There is a nice new way to do this: HEALPix.
Advantages over any other mapping:
The bitmap can be divided into equal parts (very little distortion)
Very simple, recursive geometry of the sphere with arbitrary precision.
Example image.
Did you take a look at Jim Blinn's articles "How to draw a sphere" ? I do not have access to the full articles, but it looks like what you need.
I'm a big fan of StarconII, but unfortunately I don't remember the details of what the planet drawing looked like...
The first option is triangulating the sphere and drawing it with standard 3D polygons. This has definite weaknesses as far as versimilitude is concerned, but it uses the available hardware acceleration and can be made to look reasonably good.
If you want to roll your own, you can rasterize it yourself. Foley, van Dam et al's Computer Graphics -- Principles and Practice has a chapter on Bresenham-style algorithms; you want the section on "Scan Converting Ellipses".

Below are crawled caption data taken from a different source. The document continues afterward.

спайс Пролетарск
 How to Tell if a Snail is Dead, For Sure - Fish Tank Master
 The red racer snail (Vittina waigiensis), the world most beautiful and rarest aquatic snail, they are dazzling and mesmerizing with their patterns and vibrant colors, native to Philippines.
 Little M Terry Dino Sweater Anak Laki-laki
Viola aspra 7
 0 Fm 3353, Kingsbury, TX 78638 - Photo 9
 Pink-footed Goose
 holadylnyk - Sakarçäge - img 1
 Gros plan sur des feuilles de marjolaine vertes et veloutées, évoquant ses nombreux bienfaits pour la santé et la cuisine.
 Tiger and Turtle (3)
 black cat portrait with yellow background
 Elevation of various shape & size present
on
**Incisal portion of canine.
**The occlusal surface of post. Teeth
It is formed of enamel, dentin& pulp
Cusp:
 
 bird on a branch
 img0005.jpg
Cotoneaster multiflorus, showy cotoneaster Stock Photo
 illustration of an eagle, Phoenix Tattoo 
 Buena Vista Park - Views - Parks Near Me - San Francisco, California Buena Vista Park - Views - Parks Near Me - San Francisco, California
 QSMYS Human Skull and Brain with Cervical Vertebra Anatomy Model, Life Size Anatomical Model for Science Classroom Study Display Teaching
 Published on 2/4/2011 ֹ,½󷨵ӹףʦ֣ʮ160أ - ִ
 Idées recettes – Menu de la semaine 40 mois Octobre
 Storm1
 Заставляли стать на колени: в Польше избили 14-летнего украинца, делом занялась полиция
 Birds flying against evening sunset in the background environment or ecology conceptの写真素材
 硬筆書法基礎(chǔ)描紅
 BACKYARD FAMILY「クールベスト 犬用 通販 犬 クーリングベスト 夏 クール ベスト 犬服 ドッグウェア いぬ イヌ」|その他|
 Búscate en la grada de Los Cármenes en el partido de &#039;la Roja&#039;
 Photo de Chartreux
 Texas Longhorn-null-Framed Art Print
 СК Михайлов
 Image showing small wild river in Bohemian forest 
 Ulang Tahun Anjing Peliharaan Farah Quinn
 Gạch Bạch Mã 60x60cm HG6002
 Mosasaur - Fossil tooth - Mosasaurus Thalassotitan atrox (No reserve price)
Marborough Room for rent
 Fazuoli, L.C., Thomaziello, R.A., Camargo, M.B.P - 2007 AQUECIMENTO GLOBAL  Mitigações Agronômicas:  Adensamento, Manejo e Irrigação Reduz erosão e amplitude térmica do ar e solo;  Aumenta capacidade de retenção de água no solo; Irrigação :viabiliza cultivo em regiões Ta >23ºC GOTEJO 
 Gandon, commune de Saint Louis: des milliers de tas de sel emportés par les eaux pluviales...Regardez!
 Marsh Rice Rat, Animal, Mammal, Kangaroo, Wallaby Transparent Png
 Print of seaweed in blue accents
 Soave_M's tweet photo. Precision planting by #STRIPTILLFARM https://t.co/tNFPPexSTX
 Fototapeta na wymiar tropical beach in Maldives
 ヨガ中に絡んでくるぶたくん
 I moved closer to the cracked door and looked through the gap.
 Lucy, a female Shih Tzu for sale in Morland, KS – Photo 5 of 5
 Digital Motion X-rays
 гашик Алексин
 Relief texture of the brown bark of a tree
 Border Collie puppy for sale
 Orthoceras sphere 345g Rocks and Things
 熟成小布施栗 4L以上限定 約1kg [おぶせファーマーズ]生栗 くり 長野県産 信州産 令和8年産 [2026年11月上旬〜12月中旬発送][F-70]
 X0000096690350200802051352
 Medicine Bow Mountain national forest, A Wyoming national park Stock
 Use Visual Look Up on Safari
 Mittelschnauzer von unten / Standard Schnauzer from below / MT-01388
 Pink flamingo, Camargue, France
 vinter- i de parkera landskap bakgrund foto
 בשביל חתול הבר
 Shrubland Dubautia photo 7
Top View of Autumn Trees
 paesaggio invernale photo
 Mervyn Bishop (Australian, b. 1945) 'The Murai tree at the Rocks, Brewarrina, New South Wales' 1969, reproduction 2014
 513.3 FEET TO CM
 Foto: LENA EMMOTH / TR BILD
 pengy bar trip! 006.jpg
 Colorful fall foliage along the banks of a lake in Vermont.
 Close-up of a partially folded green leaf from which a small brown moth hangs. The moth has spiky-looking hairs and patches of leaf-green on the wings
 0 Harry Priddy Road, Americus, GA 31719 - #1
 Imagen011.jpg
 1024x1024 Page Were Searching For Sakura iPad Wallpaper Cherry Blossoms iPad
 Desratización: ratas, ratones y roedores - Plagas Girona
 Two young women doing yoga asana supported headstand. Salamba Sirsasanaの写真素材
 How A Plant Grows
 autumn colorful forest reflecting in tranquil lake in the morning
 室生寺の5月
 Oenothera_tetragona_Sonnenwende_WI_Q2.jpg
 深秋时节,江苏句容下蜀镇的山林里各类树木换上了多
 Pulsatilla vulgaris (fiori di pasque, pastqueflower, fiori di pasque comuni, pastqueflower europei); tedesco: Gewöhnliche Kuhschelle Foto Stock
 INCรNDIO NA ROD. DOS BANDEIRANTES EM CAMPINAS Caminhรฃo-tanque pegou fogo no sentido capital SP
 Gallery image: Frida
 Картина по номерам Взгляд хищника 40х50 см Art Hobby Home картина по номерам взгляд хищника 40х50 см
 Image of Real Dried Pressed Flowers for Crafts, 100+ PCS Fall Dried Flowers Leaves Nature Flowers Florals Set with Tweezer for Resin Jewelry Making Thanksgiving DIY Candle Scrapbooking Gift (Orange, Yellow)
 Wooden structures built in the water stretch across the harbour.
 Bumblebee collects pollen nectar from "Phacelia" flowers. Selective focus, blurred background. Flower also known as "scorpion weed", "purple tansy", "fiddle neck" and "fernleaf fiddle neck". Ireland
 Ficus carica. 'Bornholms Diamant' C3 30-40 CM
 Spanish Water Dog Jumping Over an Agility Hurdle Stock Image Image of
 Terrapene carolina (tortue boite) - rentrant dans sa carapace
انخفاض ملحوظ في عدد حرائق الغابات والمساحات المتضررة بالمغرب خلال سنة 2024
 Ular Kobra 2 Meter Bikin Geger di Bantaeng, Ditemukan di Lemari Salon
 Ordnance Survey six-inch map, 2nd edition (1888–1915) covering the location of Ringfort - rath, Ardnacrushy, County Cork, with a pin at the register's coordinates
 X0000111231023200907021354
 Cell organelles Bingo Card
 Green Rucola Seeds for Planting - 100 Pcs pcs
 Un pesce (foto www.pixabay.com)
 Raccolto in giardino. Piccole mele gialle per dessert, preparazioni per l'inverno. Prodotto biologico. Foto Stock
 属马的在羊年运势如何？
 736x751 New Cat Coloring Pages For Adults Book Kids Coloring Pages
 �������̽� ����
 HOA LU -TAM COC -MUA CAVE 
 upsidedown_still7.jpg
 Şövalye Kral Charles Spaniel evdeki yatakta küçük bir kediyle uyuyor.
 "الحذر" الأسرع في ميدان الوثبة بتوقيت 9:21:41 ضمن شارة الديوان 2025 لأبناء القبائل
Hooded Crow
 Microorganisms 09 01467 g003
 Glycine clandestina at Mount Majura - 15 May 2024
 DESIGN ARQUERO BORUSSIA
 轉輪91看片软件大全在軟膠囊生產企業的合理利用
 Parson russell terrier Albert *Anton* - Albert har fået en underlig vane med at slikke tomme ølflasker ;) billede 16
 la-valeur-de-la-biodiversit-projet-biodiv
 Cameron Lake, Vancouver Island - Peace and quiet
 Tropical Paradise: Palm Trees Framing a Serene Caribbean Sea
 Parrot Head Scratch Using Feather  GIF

For the point cloud idea I suggested in earlier comments: you could avoid runtime parameterization questions by preselecting and storing the (x,y,z) coordinates of surface points instead of a 2D map. I was thinking of partially randomizing the point locations on the sphere, so that they wouldn't cause structured aliasing when transformed (forwards, backwards, whatever 8^) onto the screen. On the downside, you'd have to deal with the "fill" factor -- summing up the colors as you draw them, and dividing by the number of points. Er, also, you'd have the problem of what to do if there are no points; e.g., if you want to zoom in with extreme magnification, you'll need to do something like look for the nearest point in that case.